In contrast, in T2DM, albeit calcium levels were not significantly different from the control group, iPTH levels were lower in patients with moderately low magnesium levels < 0.8 mmol/l: We therefore speculate that unlike in the control group lower magnesium levels in T2DM might be associated with an impaired PTH secretion.

The prevalence of hypomagnesemia is increased in T2DM especially in patients with poor glycaemic control, with a longer disease duration and with chronic vascular complications [24, 25, 49]. It has been shown that the net tubular reabsorption of magnesium is decreased in diabetic patients in the presence of hyperglycaemia, leading to hypermagnesiuria and hypomagnesemia [50]. Furthermore, PTH in turn regulates magnesium homeostasis by modulating renal magnesium reabsorption through the distal convoluted tubule [23].
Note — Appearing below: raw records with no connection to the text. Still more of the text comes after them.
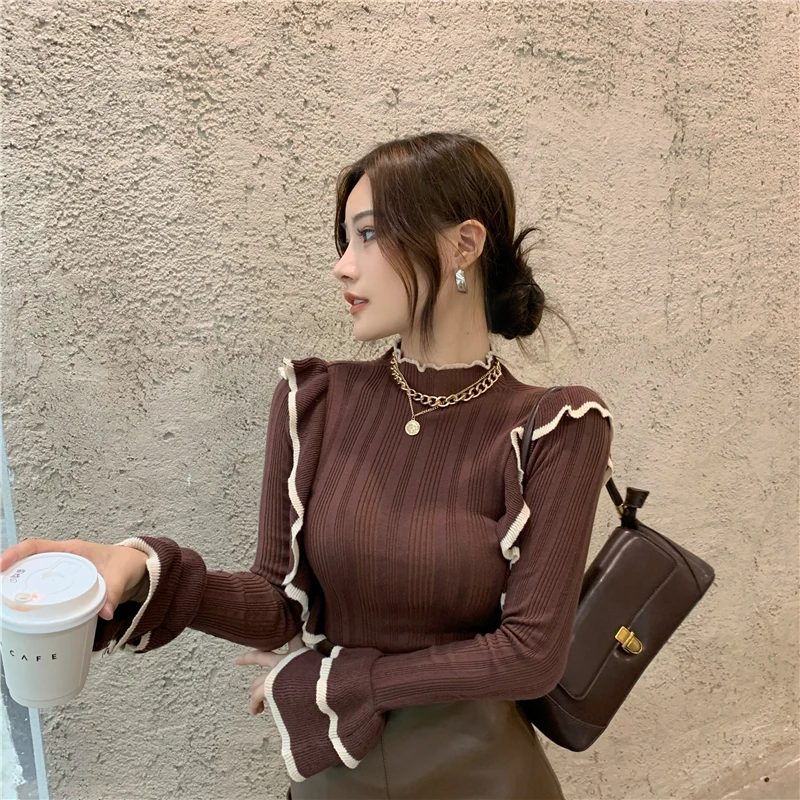 Облегающие пуловеры с оборками женские свитера расклешенными рукавами модные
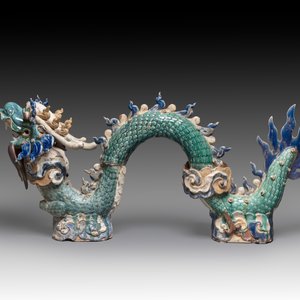 A pair of large Chinese polychrome-glazed Shiwan stoneware dragons, 19th C. — 照片 3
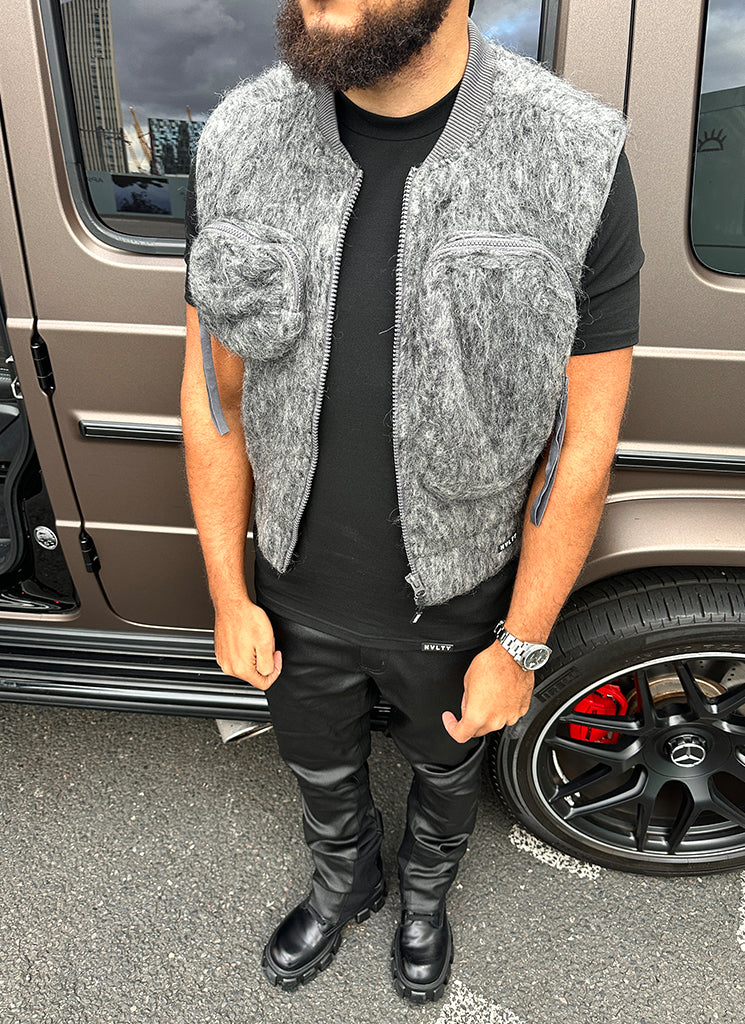 Mohair Multi Pocket Harness - Grey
We speculate that the observed relative hypoparathyroidism in T2DM is mediated by lower magnesium levels in the subset of patients with mild hypomagnesemia. Hypoparathyroidism might also induce hypermagnesiuria which in turn could worsen the hypomagnesemic state in T2DM.

This study has particular limitations. First, the analyses are cross-sectional and can show only associations. Furthermore, our T2DM population was small and heterogenous, with more men in the diabetic group and more women in the control group. Although these differences were corrected for in the baseline characteristics, the small sample size and heterogeneity reduce the statistical power of this study. Furthermore, the mentioned results were significant but altogether weak, so that under consideration of the reduced statistical power they can only be used to generate hypotheses.

In conclusion, we confirm that T2DM is a state of low bone turnover. Low serum iPTH appears to be a regulator of low bone turnover in T2DM, whereas glycaemic control and disease duration seem not to be associated. Based on the relationship between serum levels of iPTH and magnesium, we hypothesize that in the cohort of T2DM with mild magnesium depletion low bone turnover may be linked to a hypomagnesaemia-related functional hypoparathyroidism. However, the mechanism underlying low iPTH in T2DM in general remains to be elucidated. Future investigations are required to (a) further explore the influence of relative hypoparathyroidism on bone turnover in T2DM and (b) to assess whether measurements of serum iPTH and magnesium are of clinical value in patients with type 2 diabetes.